A Multimodal Preprocessing Pipeline for Robust Audio-Visual Speech Separation and Recognition

Audiovisual Speech Separation Feature Normalization MFCC PCA Lightweight Deep Learning AVSpeech Dataset

Authors

Vol. 7 No. 2 (2026): June
Research Articles

Downloads

Audiovisual speech separation aims to improve speech intelligibility in challenging real-world environments, such as noisy meetings and multi-speaker acoustic scenes. However, many existing approaches rely on computationally intensive architectures or unstable multimodal representations, limiting robustness and practical deployment. This study proposes a multimodal audiovisual speech separation framework based on a structured preprocessing pipeline and a lightweight hybrid deep learning architecture. The proposed method enforces geometric, photometric, temporal, and statistical consistency across audio and visual streams. The visual pathway employs grayscale conversion, histogram equalization, face detection, spatial normalization, and eigenface-based PCA feature extraction to obtain stable articulatory representations, while the audio pathway incorporates pre-emphasis filtering, normalization, resampling, and MFCC-based feature extraction with vector-level equalization.
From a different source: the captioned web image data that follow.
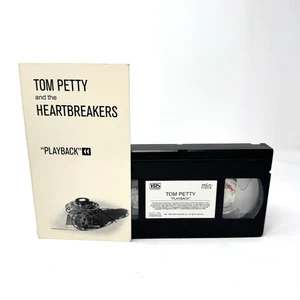 Tom Petty and the Heartbreakers "Playback" Vhs Movie Tape 1995 EUC - Imagen 1 de 4
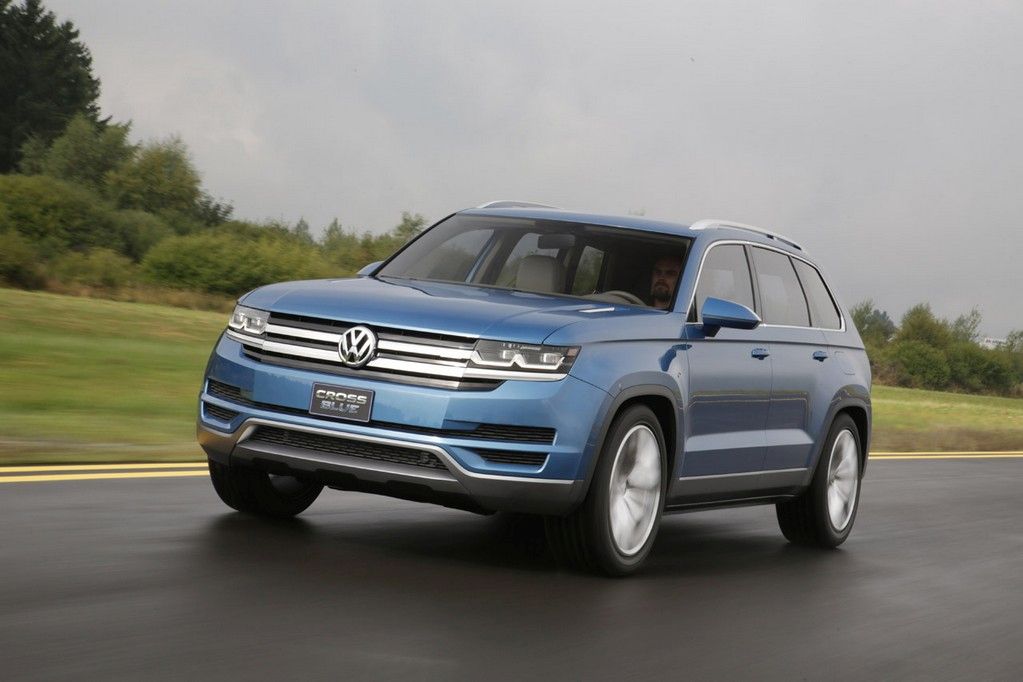 VOLKSWAGEN CROSSBLUE KONSEPT RESM GALERS (2)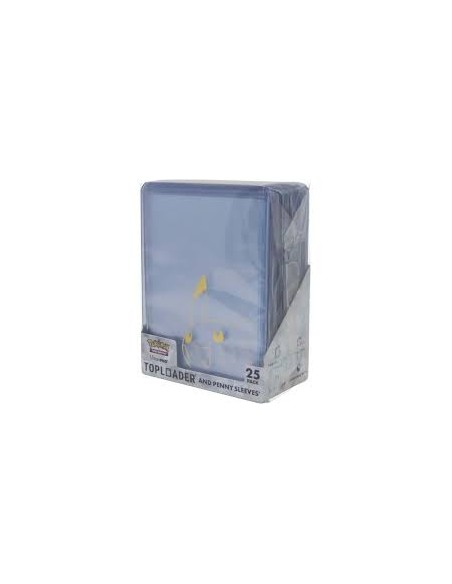 TOPLOADER AND PENNY SLEEVES COMBO PACK - POKEMON - PIKACHU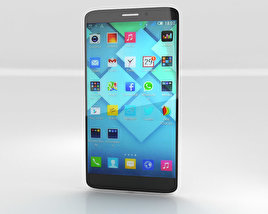 Alcatel One Touch Hero Modèle 3D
The resulting representations are processed using a hybrid Conv1D–LSTM–GRU architecture for efficient temporal modeling. Experimental evaluation on the AVSpeech dataset achieved an average SDR of 19.33 dB, SIR of 15.72 dB, and PESQ of 4.22. The proposed HAVS-Net architecture contains approximately 227K trainable parameters while maintaining robust performance and efficient computational behavior under diverse real-world conditions.